Tencent's AI Lab recently released a new paper. I was planning to comment on it yesterday, but I initially put it aside because the topic seemed a bit "sensitive" at first glance. After re-reading the paper this morning, I realized there's much to discuss, so I decided to update with this piece and postpone the previously planned topic.
A quick preview: the next topic will be about "wearable AI."
First, the paper is titled Scaling Synthetic Data Creation with 1,000,000,000 Personas. It essentially discusses how to utilize 1 billion "personas" to produce synthetic data at a massive scale.
Part of the data is open-sourced, and the project address is:
https://github.com/tencent-ailab/persona-hub
Looking at the title, you can likely guess the "sensitive" point I mentioned: these 1 billion personas are actually abstracted from real "web data." From a purely technical and research perspective, this is a fantastic idea and exactly what big tech companies should be doing. However, from a data security perspective, the original data sources are somewhat vague, and the processing details are lacking.

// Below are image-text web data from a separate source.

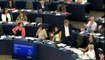 Echange électrique entre l'eurodéputé Guy Verhofstadt et Alexis Tsipras au Parlement européen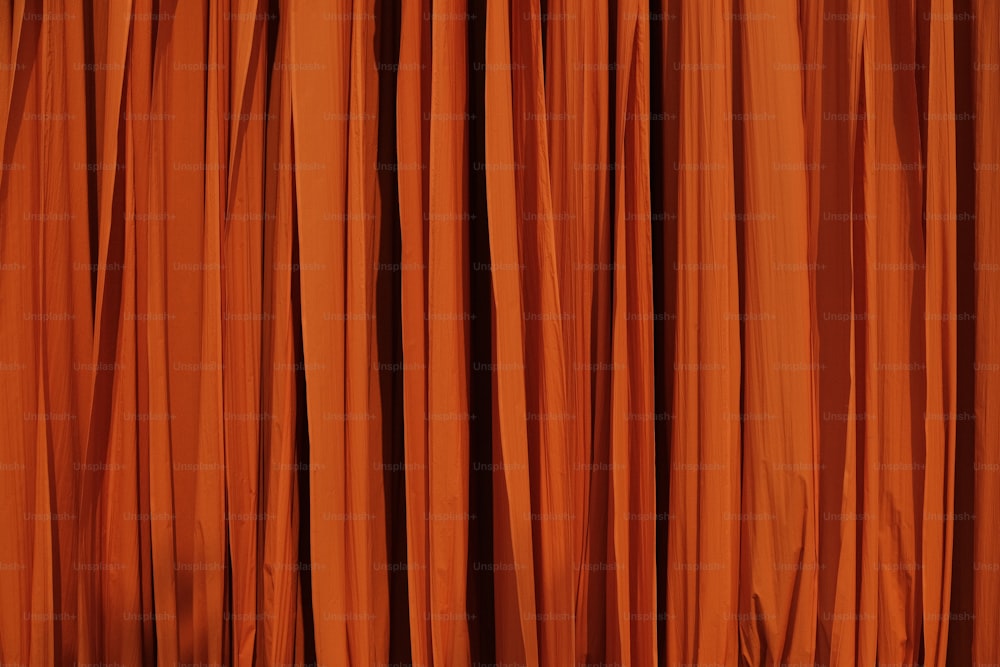 Un primer plano de una cortina con cortinas naranjas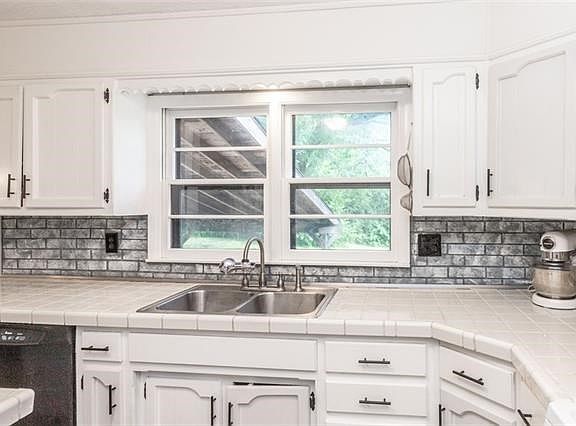 5th image of 5520 Lafayette Ave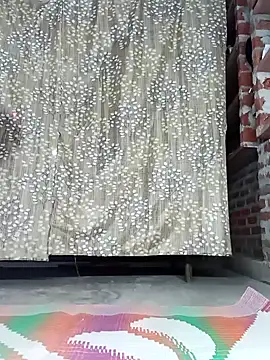 Rajni chauhan online show from April 2026 04:01:02 PM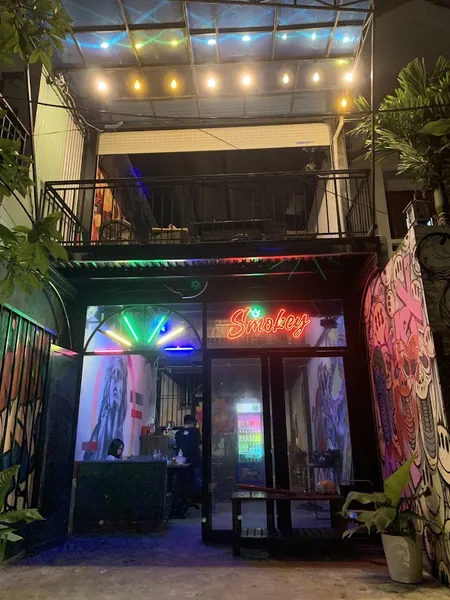 Smokey Pub
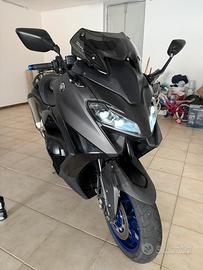 Tmax 560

Even the project team repeatedly mentioned various ethical risks; therefore, in their open-source project and synthetic datasets, they only included 200,000 personas.
Getting back to the point, I believe a company like Tencent, which has dealt with "sensitive" information for over twenty years, wouldn't make a rookie mistake. So, the following analysis focuses purely on technology and application prospects.
- What is this project?
Above is a schematic from the paper. To summarize in one sentence: through "role-playing," large models generate data for training and fine-tuning across various fields, including mathematical problems, reasoning tasks, fine-tuning instructions, knowledge, game NPCs, and function calls (tools), etc.

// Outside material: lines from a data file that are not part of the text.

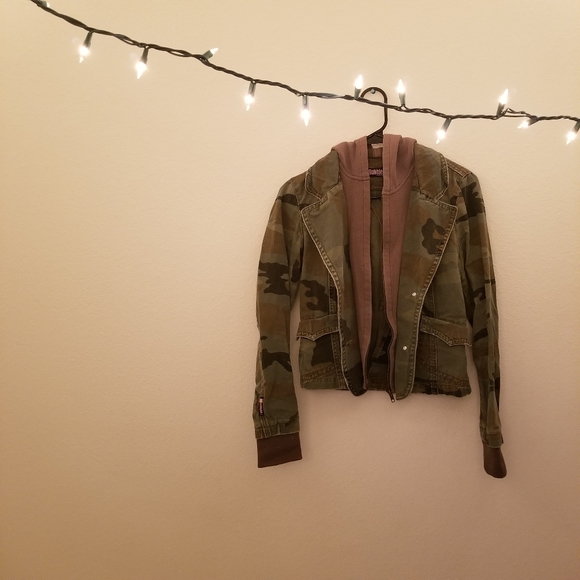 Camo jacket - Picture 2 of 7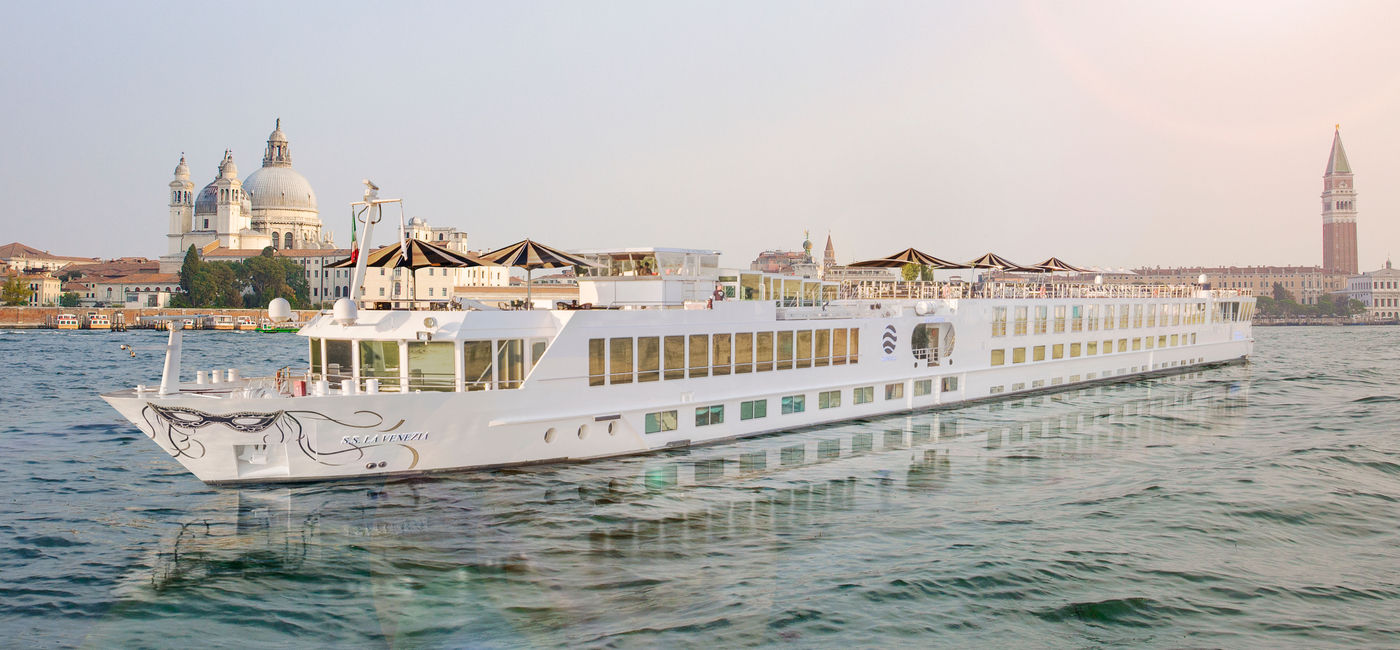 Image: Uniworld's SS La Venezia in Venice, Italy. (photo via Uniworld Boutique River Cruise Collection) ((photo via Uniworld Boutique River Cruise Collection))
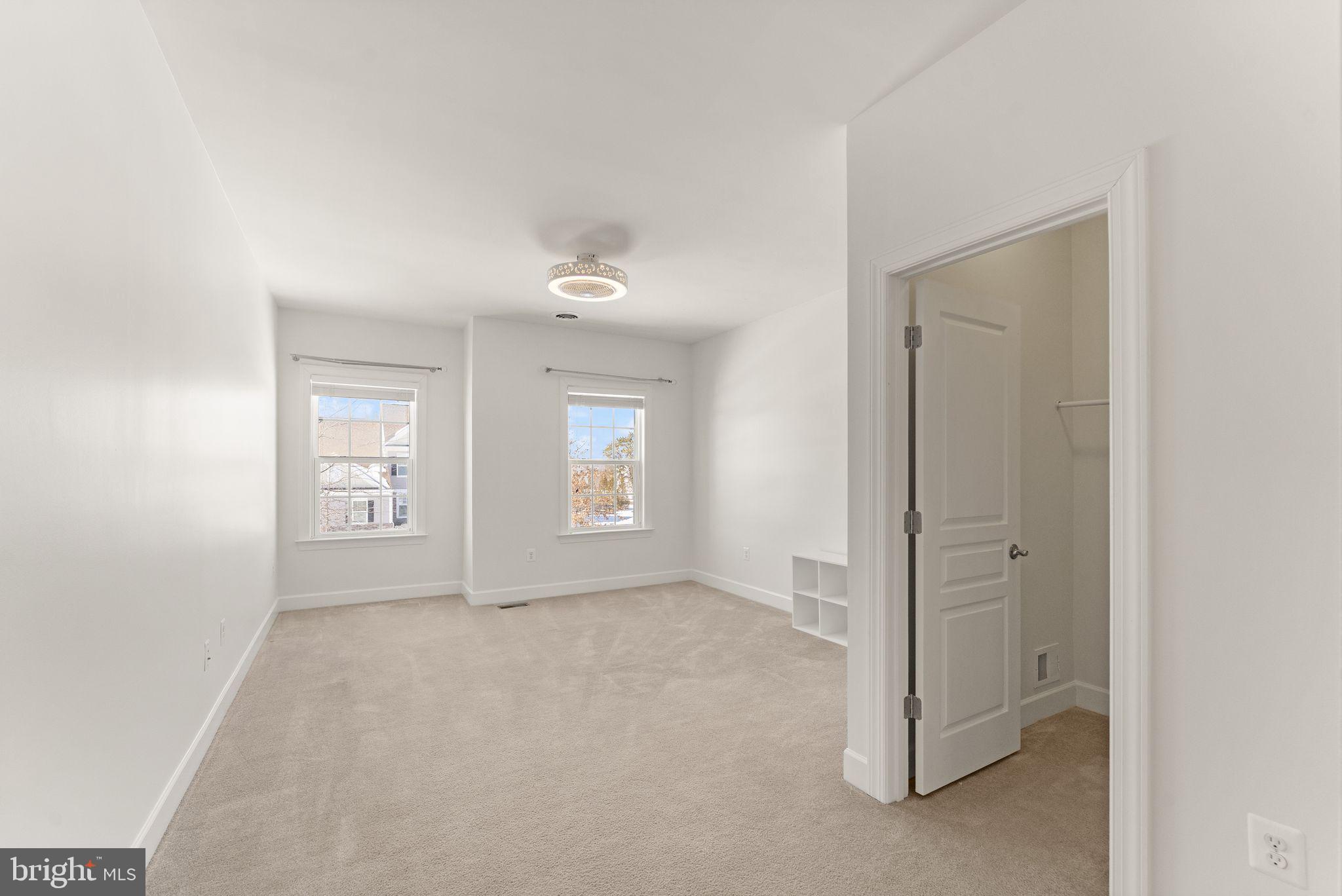 CREIGHTON FARMS - Residential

- What exactly is a Persona?
A persona is a form of role-play, but these roles are extracted from real "web data" to represent the characteristics of certain types of people. In this project, they manifest as descriptions like "who someone is and what their job is." Simply put, they are prompts. If you are somewhat familiar with LLM prompting, you know we often ask models: "Assume you are [X], please help me with [Y]." This "Persona" is the embodiment of those prompts.
- Why use "Persona" prompts?
The paper includes a diagram, but in the era of Claude 3.5, 2D images feel too ordinary. So, I asked the model to generate a demonstration animation for me.

To explain:
We often say LLMs are "compressors." What are they compressing? Knowledge! (As I wrote before the OpenAI livestream demo). This means the model training process involves compressing vast amounts of knowledge into the parameters of a neural network.

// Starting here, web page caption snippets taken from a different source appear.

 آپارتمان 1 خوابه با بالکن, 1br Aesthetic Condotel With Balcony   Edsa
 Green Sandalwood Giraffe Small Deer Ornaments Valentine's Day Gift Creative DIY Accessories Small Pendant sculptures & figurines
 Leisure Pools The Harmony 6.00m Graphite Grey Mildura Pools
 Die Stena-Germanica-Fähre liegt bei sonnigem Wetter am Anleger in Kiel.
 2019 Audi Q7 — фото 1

The generation process of an LLM is "decompression," restoring those parameter weights (which only the model understands) back into "knowledge" that humans can understand (hence the saying "generation implies understanding").
However, models are incredibly massive. How do we make them "decompress" effectively and accurately? This relies on prompts and the attention mechanism.
By using Persona prompts, we activate information in the model that has a higher correlation with specific knowledge areas, thereby "decompressing" more "accurate" knowledge. This is the goal of this paper.
- How is the performance?

The above is a summary by Claude 3.5; it is very accurate, and the data is correct. The conclusion is that after fine-tuning a Qwen2-7B model with synthetic math problems, its math score reached 64.9%, exceeding early versions of GPT-4 Turbo.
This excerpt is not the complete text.